Canada is still heavily reliant on its oil and gas sector. The COVID-19 pandemic hammered prices in this space and cratered demand. These issues were exacerbated by conflicts within OPEC, which are still ongoing. Fortunately, oil and gas prices have continued to build momentum into the early part of 2021. This is good news for Canada’s energy giants. Today, I want to compare and contrast two heavyweights: Suncor Energy (TSX:SU)(NYSE:SU) and Enbridge (TSX:ENB)(NYSE:ENB). Which is the better buy right now? Let’s dive in and find out.
The case for Suncor stock in early January
Suncor is a Calgary-based integrated energy company that specializes in production of synthetic crude from oil sands. Its shares have climbed 8.3% in 2020 as of close on January 5. The stock is down 43% year over year. Investors can expect to see Suncor’s fourth-quarter and full-year 2020 results in early February. Back in the spring of 2020, I’d suggested that investors should bet on Suncor, as it was still receiving a vote of confidence from Warren Buffett.
The company saw funds from operations rise to $1.66 billion or $0.76 per share — up from $488 million or $0.32 per share in the previous quarter. Total upstream production fell in the quarter, as Suncor tweaked its operations in the face of the pandemic. Suncor is poised to build on its third-quarter improvement, as we look ahead to Q4.
Shares of Suncor last possesses a favourable price-to-book value of 0.9. Suncor previously reduced its quarterly dividend payout to $0.21 per share. That represents a 3.6% yield.
Why Enbridge is still setting the standard
Enbridge is the second heavyweight energy stock I want to zero in on today. This is the largest energy infrastructure company in North America. Back in May, I’d suggested that Canadian investors should consider scooping up Enbridge at a discount. Its shares have increased 9.9% over the past three months as of close on January 5.

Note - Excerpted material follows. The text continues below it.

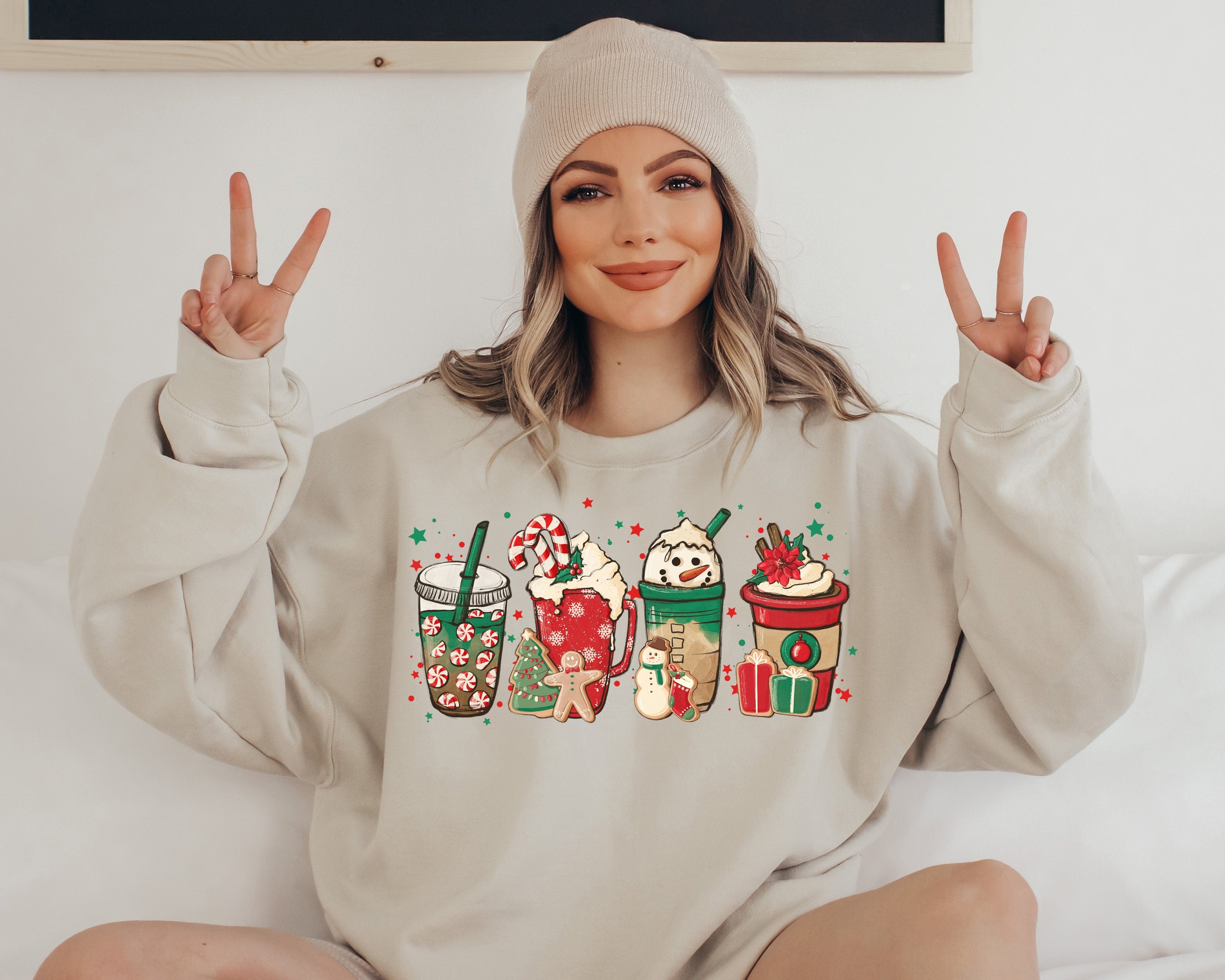 Snowman Coffee Lover, Latte Sweater, Vintage Christmas, Christmas Sweatshirt, Womens Cute Santa, Xmas Graphic Pullover, Holiday Ugly Sweater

Investors can expect to see Enbridge’s fourth-quarter and full-year 2020 results by the middle of February. Unlike Suncor, Enbridge has continued to put together strong earnings in the face of the COVID-19 pandemic. In Q3 2020, Enbridge reported growth in all its core businesses. Leadership expects the company to generate DCF per share between 5% and 7% through 2022. This will support its dividend payout and debt requirements.

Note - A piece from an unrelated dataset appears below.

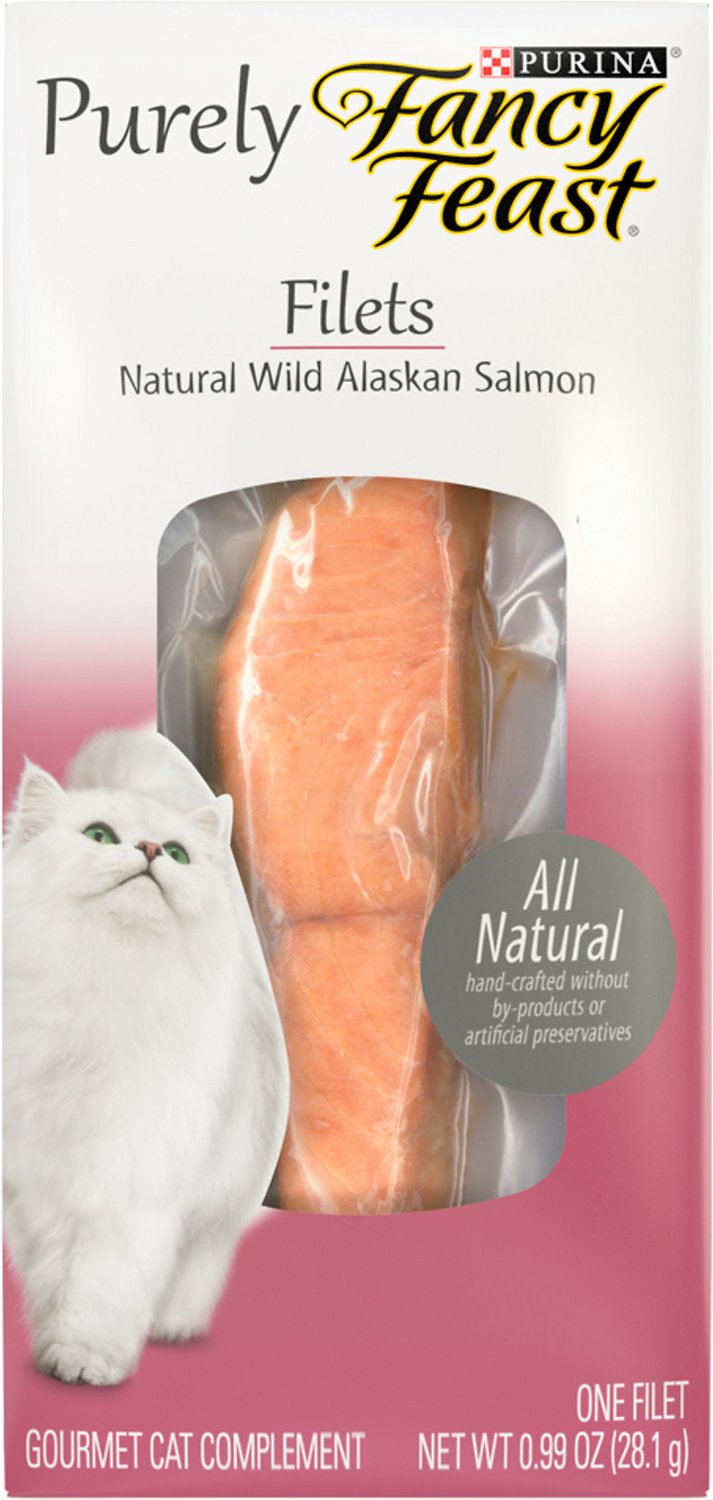 Fancy Feast Purely Natural Wild Alaskan Salmon Filets Cat Food Topper, 0.99-oz (Size:  0.99-oz)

Shares of Enbridge last possessed a solid P/B value of 1.5. The stock last paid out a quarterly dividend of $0.835 per share. That represents a monster 7.9% yield. Moreover, the company has delivered dividend growth for over two straight decades.
Verdict: Should you buy Suncor or Enbridge today?
Suncor’s improvement in Q3 2020 was encouraging, especially as oil and gas price rebound in late 2020 and early 2021. However, I’m sticking with the dividend beast that is Enbridge today. Enbridge stock still possesses solid value, it is stable with a stellar history, and it offers a tasty dividend payout.